This tutorial walks through tests/calc.ua line by line.
Why a Calculator?
A calculator is the perfect first "real" program because it exercises every major UA concept:
| Concept | How the Calculator Uses It |
|---|---|
BUFFER | Allocating memory to capture keyboard input |
VAR / GET / SET | Storing and retrieving the parsed numbers |
CALL | Invoking library functions (std_io.print, std_io.read, std_string.parse_int, std_string.to_string) |
CMP / JZ | Branching on the operator character |
ADD / SUB | The actual arithmetic |
LOADB / STOREB | Byte-level work inside parse_int and to_string |
@IMPORT | Pulling in standard libraries |
@ARCH_ONLY | Restricting to supported targets |
The ASCII Trap: Why You Need parse_int and to_string
This is the single most important concept for beginners working close to the metal.
When you type 5 on your keyboard and press Enter, the operating system does not hand your program the number 5. It hands you the byte 0x35 (decimal 53) — the ASCII code for the character '5'. A newline (0x0A) follows it.
So the "number" 42 arrives as three bytes in your buffer:
Buffer: [ 0x34 ] [ 0x32 ] [ 0x0A ] ← raw bytes
'4' '2' '\n'
If you tried to ADD these bytes directly, you'd get 0x34 + 0x32 = 0x66 — which is the letter 'f'. Not helpful.

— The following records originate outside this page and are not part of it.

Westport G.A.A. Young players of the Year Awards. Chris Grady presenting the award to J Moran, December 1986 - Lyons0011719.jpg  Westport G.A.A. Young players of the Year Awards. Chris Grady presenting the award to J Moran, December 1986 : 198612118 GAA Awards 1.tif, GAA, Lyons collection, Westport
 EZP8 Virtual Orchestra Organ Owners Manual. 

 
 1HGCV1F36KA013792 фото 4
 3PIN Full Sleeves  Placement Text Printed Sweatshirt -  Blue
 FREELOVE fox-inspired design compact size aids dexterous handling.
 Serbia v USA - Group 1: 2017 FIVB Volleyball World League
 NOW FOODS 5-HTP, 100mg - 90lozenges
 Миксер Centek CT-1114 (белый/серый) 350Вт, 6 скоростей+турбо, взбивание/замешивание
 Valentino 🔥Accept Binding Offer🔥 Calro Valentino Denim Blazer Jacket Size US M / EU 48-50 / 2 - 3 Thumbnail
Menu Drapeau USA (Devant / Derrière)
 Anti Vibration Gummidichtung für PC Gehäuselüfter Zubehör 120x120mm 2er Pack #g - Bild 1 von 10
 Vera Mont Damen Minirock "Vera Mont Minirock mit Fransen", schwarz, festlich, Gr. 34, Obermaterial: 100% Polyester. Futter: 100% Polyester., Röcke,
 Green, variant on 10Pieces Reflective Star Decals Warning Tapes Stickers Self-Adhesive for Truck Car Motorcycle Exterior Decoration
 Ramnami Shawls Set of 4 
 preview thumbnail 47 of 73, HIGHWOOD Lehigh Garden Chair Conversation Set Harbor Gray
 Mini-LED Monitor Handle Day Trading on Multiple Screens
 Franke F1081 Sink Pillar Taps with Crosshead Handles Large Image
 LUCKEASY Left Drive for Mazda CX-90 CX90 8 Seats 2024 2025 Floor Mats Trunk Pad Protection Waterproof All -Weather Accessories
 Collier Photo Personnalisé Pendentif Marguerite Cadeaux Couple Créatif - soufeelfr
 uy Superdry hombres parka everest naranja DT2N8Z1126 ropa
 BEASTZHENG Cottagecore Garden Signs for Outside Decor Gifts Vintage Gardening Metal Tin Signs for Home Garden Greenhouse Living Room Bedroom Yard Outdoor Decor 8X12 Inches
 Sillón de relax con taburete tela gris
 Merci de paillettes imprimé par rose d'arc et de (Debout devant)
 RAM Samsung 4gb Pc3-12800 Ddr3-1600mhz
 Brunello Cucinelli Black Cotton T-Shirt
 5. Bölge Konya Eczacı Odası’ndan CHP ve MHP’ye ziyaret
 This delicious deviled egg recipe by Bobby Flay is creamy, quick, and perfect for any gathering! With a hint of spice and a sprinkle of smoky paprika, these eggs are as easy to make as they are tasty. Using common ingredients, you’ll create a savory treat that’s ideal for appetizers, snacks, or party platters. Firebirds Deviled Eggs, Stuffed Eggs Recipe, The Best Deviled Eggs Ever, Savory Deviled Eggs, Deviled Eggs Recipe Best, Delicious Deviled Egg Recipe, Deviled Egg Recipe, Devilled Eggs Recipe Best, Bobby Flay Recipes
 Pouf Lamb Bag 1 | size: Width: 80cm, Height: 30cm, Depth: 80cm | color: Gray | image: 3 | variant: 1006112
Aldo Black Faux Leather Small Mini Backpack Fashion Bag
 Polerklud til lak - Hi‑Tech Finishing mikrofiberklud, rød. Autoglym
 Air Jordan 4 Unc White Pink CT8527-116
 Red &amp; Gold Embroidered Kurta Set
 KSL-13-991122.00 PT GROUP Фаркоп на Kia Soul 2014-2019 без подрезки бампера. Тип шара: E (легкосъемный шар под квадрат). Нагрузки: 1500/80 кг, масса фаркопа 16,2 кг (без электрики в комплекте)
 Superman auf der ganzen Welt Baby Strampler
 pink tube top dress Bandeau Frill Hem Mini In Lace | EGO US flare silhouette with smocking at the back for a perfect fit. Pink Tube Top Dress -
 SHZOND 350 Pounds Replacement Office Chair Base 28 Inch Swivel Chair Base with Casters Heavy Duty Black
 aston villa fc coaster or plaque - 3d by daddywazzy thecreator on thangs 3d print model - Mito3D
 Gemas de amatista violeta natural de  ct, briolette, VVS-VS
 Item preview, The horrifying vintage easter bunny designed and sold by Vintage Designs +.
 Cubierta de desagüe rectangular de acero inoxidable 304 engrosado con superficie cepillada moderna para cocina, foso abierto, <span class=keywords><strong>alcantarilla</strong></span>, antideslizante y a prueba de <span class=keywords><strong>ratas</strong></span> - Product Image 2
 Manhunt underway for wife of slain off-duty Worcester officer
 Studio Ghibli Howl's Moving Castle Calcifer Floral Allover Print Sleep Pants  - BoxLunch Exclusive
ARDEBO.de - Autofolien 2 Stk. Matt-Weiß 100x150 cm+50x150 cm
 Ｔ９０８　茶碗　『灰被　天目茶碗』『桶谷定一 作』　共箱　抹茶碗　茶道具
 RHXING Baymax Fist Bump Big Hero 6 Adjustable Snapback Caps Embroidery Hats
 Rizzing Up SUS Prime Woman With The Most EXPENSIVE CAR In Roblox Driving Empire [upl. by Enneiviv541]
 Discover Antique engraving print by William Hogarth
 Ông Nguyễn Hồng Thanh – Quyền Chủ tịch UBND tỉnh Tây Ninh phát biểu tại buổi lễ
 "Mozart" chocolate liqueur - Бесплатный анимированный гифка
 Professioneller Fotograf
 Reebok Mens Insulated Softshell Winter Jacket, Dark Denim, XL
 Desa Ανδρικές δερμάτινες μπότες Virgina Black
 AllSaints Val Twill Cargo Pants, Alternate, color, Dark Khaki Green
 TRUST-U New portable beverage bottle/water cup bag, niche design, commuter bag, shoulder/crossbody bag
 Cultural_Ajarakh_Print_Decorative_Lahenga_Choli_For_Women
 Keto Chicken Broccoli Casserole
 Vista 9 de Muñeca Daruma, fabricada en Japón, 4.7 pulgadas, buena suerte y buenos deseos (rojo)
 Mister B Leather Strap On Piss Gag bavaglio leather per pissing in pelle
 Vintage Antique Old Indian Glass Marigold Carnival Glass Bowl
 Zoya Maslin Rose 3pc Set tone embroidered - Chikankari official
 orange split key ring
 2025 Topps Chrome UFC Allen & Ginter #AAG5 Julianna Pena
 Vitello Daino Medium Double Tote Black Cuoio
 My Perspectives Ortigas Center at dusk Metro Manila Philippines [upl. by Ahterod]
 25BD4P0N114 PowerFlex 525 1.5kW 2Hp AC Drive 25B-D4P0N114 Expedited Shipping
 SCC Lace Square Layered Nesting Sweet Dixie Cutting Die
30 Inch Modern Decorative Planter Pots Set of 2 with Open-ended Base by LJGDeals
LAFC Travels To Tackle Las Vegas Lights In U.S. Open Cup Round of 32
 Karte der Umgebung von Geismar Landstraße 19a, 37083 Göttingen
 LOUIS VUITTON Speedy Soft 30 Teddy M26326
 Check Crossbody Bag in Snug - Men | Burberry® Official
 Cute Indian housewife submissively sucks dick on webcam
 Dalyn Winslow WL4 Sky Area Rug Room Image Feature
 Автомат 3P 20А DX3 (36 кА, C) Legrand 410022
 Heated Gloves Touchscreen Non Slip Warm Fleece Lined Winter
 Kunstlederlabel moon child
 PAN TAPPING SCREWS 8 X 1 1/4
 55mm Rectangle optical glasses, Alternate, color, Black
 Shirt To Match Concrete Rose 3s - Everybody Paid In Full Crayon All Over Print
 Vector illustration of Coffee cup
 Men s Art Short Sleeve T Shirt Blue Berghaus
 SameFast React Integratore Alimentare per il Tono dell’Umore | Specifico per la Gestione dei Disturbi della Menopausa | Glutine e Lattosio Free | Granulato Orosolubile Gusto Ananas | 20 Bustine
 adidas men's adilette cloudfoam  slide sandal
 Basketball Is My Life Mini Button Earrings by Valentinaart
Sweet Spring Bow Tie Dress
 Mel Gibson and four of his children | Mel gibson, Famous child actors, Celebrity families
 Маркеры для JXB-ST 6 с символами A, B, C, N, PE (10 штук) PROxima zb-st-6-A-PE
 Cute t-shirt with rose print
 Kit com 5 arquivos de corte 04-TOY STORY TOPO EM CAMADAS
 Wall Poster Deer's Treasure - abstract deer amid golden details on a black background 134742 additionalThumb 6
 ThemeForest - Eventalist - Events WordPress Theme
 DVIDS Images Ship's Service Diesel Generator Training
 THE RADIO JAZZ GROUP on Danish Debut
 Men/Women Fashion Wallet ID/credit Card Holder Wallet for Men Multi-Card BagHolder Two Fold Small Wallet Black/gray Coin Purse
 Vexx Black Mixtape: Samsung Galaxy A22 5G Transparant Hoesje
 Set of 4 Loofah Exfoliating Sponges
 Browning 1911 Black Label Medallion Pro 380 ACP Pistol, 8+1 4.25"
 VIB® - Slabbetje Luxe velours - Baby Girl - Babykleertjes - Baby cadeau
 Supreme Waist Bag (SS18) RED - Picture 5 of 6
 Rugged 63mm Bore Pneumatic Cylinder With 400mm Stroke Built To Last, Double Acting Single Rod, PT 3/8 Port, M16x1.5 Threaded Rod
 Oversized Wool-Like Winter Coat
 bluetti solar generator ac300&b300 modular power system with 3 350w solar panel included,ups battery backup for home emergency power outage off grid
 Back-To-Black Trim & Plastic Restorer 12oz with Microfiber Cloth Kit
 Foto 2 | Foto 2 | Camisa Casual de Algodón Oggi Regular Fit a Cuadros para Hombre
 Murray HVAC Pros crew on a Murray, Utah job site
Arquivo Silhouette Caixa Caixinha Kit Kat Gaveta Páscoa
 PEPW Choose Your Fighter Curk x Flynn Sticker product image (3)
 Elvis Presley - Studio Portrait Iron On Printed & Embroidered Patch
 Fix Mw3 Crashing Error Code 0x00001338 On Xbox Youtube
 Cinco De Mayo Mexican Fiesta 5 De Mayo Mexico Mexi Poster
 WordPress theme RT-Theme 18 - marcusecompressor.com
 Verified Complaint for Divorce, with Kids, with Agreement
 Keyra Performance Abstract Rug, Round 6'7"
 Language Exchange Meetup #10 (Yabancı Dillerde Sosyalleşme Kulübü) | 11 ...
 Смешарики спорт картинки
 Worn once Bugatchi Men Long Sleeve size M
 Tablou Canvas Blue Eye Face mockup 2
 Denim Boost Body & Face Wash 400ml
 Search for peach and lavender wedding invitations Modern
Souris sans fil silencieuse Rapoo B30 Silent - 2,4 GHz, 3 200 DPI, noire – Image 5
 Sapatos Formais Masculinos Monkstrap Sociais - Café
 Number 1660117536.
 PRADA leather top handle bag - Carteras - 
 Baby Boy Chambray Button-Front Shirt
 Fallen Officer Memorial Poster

std_string.parse_int fixes this. It walks each byte, subtracts 48 (the ASCII value of '0'), multiplies a running total by 10, and adds the digit:
'4' → 0x34 - 48 = 4 total = 0 * 10 + 4 = 4
'2' → 0x32 - 48 = 2 total = 4 * 10 + 2 = 42
'\n' → stop
Result: 42 ✓
The reverse problem hits when you want to print a result. The number 123 is a single integer in a register — but the screen expects three separate ASCII characters ('1', '2', '3'). std_string.to_string extracts digits by dividing by 10, converts each to ASCII (add 48), and writes them to a buffer.
Walking Through calc.ua
1. Header and Imports
@ARCH_ONLY x86, x86_32, arm, arm64, riscv
@IMPORT std_io
@IMPORT std_string
@ARCH_ONLY locks the program to architectures that support console I/O (everything except the bare-metal 8051). The two @IMPORT lines pull in the I/O and string-conversion libraries.
2. Data Section
BUFFER input_1, 32 ; keyboard buffer for first number
BUFFER input_2, 32 ; keyboard buffer for second number
BUFFER input_op, 8 ; keyboard buffer for operator (+, -)
BUFFER output_buf, 32 ; output buffer for result string
VAR num1 ; parsed first operand
VAR num2 ; parsed second operand
VAR result ; computed result
BUFFER reserves raw byte arrays. When you call std_io.read, the OS writes the user's keystrokes into these buffers. 32 bytes is generous for a number — it accommodates up to 31 digits plus a null terminator.
VAR creates named integer variables. After parsing a string into an integer, we SET the variable so we can GET it back later.
Key difference:
GET R0, input_1gives you the address of the buffer (a pointer).GET R0, num1gives you the value stored in the variable.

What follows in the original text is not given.